Im a novice here so please forgive me. I have a question, is it appropriate to state that Thom Hartmann is a former psychotherapist? A licensed psychotherapist has a masters or Ph.D from an accredited program. I dont know if you want to apply the loose standards to a field that has recognition. It might imply that he can ethically provide treatment. I am a fan of him however, and I think that he has stated that he did not finish his undergraduate. I think that the "former psychotherapist" should be removed unless there is some evidence provided (a former job, education, etc). Hornung9 16:55, 17 October 2007 (UTC)

Who's the number one progressive host?[edit]

I have added a specific estimate for Hartmann's audience size, and removed unsourced anonymous additions about him being the number one progressive talker and going back and forth with Rhodes for that honor. If you think Ed Schultz is progressive, he is clearly number one. Else it is a toss up between several hosts including Hartmann. See: . I hope this doesn't rankle any noses. Diderot's dreams (talk) 18:35, 3 July 2008 (UTC)

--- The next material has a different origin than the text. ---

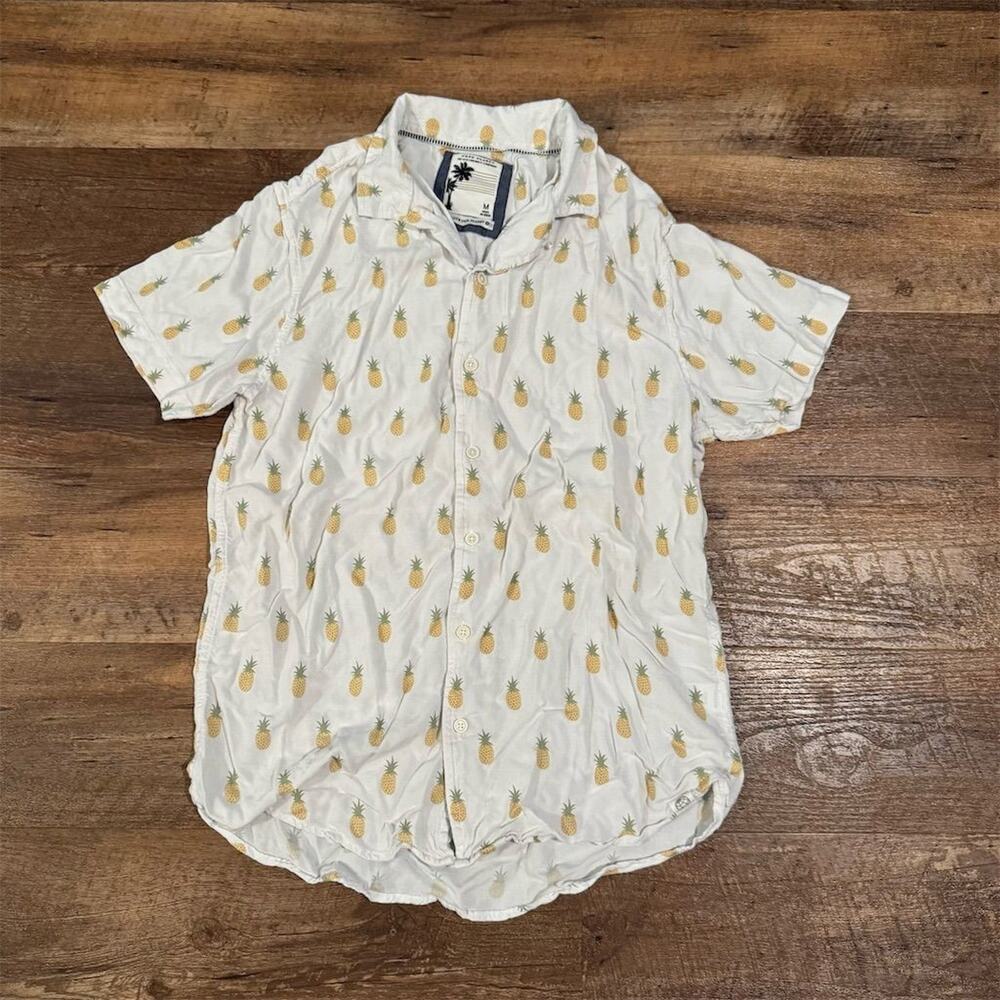 Free Planet M Pineapple Print Camp Shirt White Button-Up Preppy Lightweight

Hartmann as a psychotherapist[edit]

Actually, in Vermont there is a "Roster" of psychotherapists with pretty minimal requirements, and Hartmann's experience as both a licensed NLP Trainer and his 5 years as Executive Director of The New England Salem Children's Village qualified him for. He was on the roster for two years, and could legally practice psychotherapy in Vermont. Each state has a different definition of what is or is not a "psychotherapist" and California's is very stringent while Vermont's is very loose. Robsoray (talk) 20:14, 14 February 2009 (UTC)

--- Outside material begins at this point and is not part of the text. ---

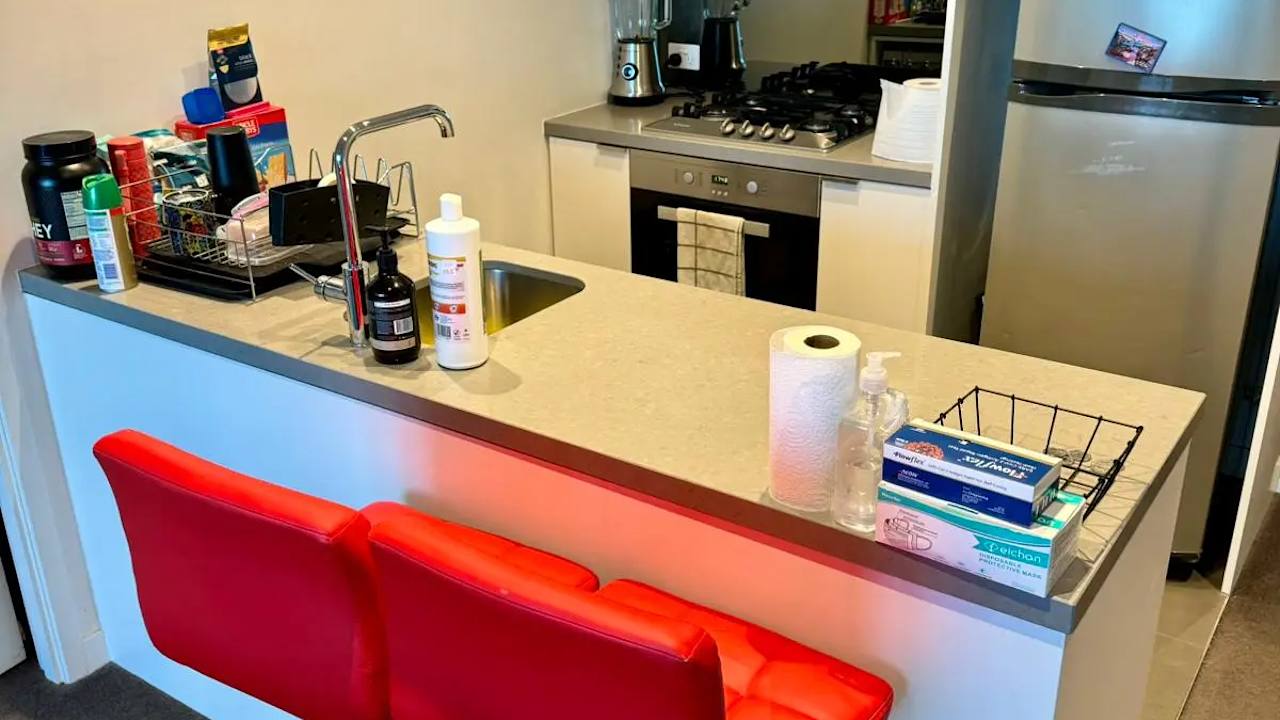 Furnished room with own bathroom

We need a source for Hartmann's consulting and training...[edit]

The article had this info in it:

In the late 1970s, he had been a trainer in advertising and marketing for The American Marketing Centers (now defunct), and in 1987 after returning from Germany founded the Atlanta advertising agency Chandler, MacDonald, Stout, Schneiderman & Poe, Inc., which did business as The Newsletter Factory[8]. In that capacity he did consulting work and training for over 400 of the Fortune 500 companies as well as the NSA, CIA, and other government agencies;

I have removed the italicized statement (after fact tagging it and waiting for a source) until we can find where it came from. I think it's from his autobiography, The Prophet's Way, but I don't know. If it is, we can't, of course, just take Hartmann's word as fact for something so extraordinary. Depending on what source can be found, it can be reinserted as is, readded as Hartmann says in his autobiography..., or left out. Does anybody know where it came from? Diderot's dreams (talk) 18:29, 12 July 2009 (UTC)

Pacifica Radio and impact on listenership and number of stations[edit]

Hartmann's show also joined the Pacifica Radio network for syndication to non-profit and community broadcasting stations, and is now carried on Pacifica affiliates across the US, in Europe, and on the African continent, dramatically increasing his station count and listener base.

First let me thank the Robsorray for adding information. That Hartmann is on Pacifica is info the article wouldn't have otherwise.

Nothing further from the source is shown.